Digamos que hay dos tipos de momentos en nuestra biografía: momentos de vivir, y momentos de esperar; momentos de aconteceres y momentos de puro reposo. La espera es media vida humana. 

Por ello, quizá, mandara Dios guardar el Shabat como un día de pura espera puesta en ejercicio: porque en la vida hay que «saber esperar», con la expresión que usa Machado en sus Proverbios. La vida es, en gran medida, un «esperar que suba la marea» (por decirlo ahora con el cantautor español), y que traiga consigo, la mar, sus novedades.

Esta es la raíz de toda esperanza: que nada ocurrido tiene autoridad para decirnos que no hay ya más novedad “por esperar”. Si lo dice, miente. Si nos lo decimos, nos mentimos.

No existe la última palabra sobre nada; menos, si esa palabra la pronuncia el hombre. Siempre quedarán novedades por acontecer, en esta realidad que es puro misterio. 
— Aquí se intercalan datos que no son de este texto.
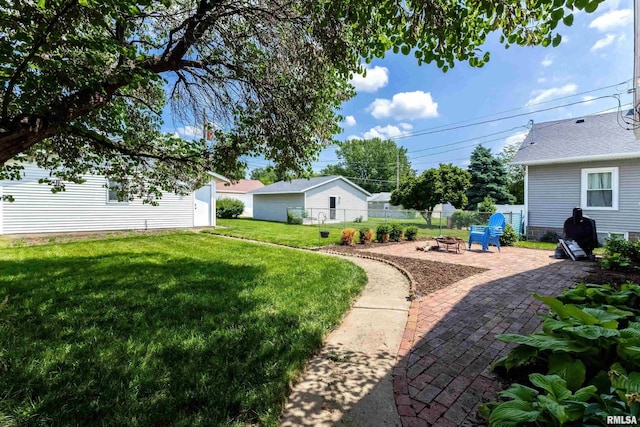 1020 Brown St, Bettendorf, IA 52722 - view of yard with an outdoor fire pit and a patio area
La cantidad de novedades que nos visitarán en el mañana (o nos asaltarán, según el caso) es, literalmente, inabarcable, inagotable, inconmensurable, y un largo etcétera con muchas negaciones más. 

De ahí que la buena esperanza no sea ninguna ingenuidad: es la absoluta cordura, la atención plenamente ejercida y practicada. Siempre cabe esperar que algo bueno ocurra.

Negarlo sería, como dijo Sócrates hace veintitantos siglos, creernos en posesión de una sabiduría imposible de poseer.